━━━ ENTRIES SHOWN ━━━

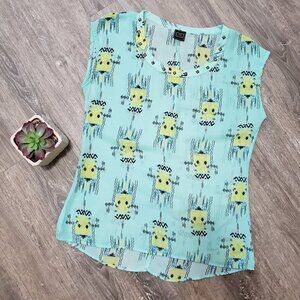 Thanks Collection * Sleeveless Aqua Blouse Sz L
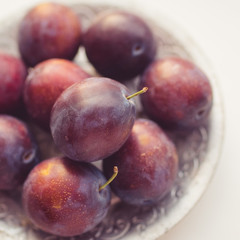 Ripe purple plums in a silver plate closeup. Top view.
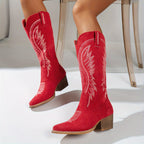 Savannah | Women Western Cowboy Boots Embroidered Block Heel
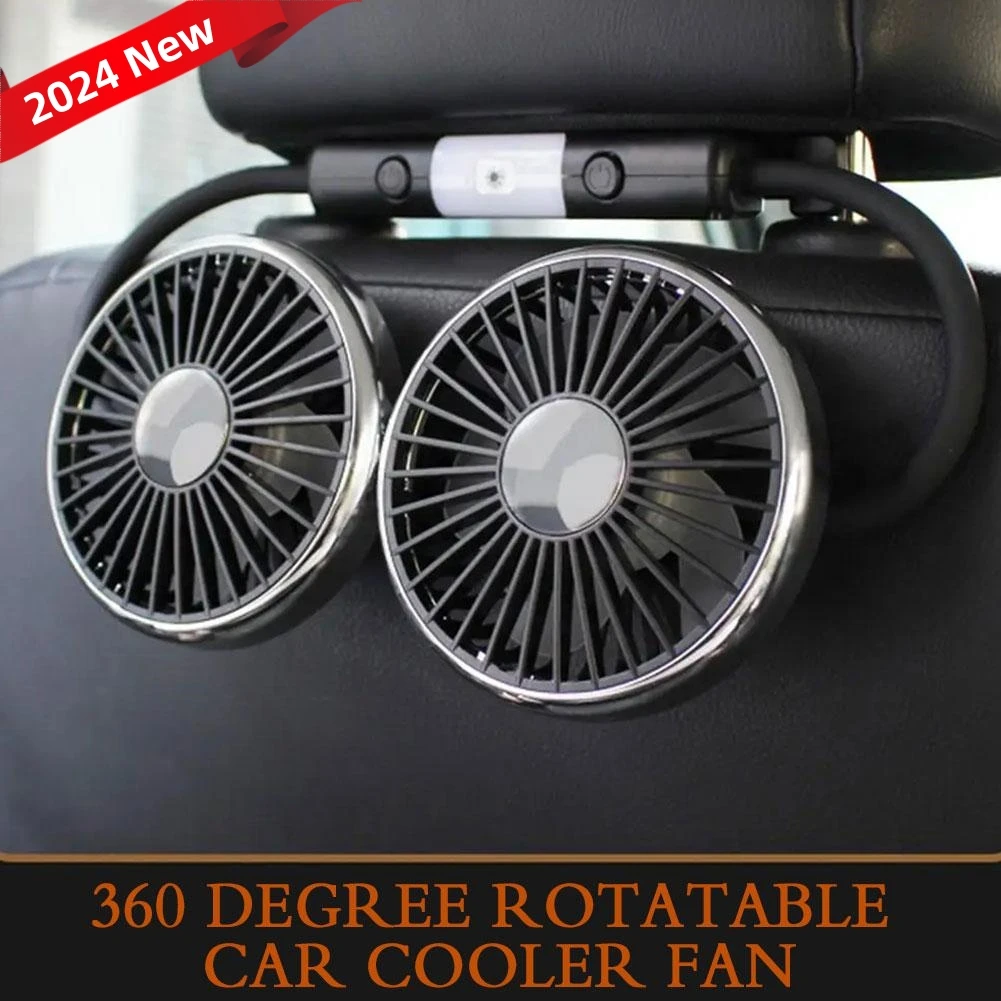 360 Degree Rotatable Car Cooler Fan Dual Head Car Rear Seat Auto Cooling Fan Low Noise Cooling Fans Car Electrical Appliances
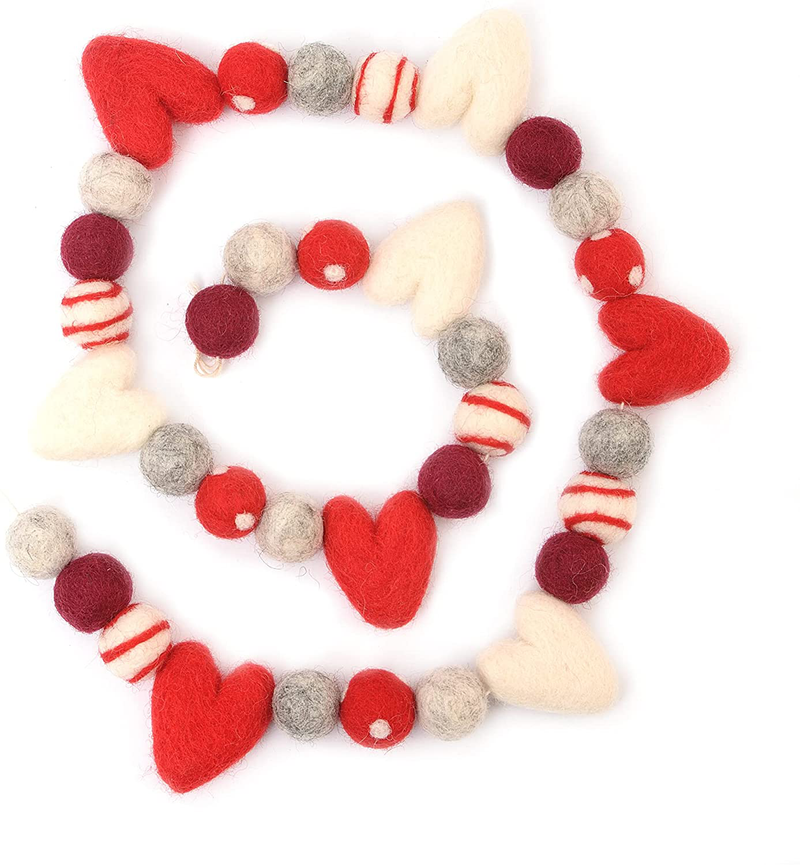 Glaciart One Valentine Felt Ball Garland with Swirl Balls - Handmade in Nepal Using New Zealand Wool - Reusable, Durable, Stylish & Versatile - Easy to Hang & Maintain – 7Ft, 8 Hearts, 27 Balls Home & Garden > Decor > Seasonal & Holiday Decorations Glaciart One Mix With Swirls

━━━

# [TASK INSTRUCTIONS]
Please write out all the data again word for word, but not the pictures.

# [EXERCISE ANSWER]
 Thanks Collection * Sleeveless Aqua Blouse Sz L
 Ripe purple plums in a silver plate closeup. Top view.
 Savannah | Women Western Cowboy Boots Embroidered Block Heel
 360 Degree Rotatable Car Cooler Fan Dual Head Car Rear Seat Auto Cooling Fan Low Noise Cooling Fans Car Electrical Appliances
 Glaciart One Valentine Felt Ball Garland with Swirl Balls - Handmade in Nepal Using New Zealand Wool - Reusable, Durable, Stylish & Versatile - Easy to Hang & Maintain – 7Ft, 8 Hearts, 27 Balls Home & Garden > Decor > Seasonal & Holiday Decorations Glaciart One Mix With Swirls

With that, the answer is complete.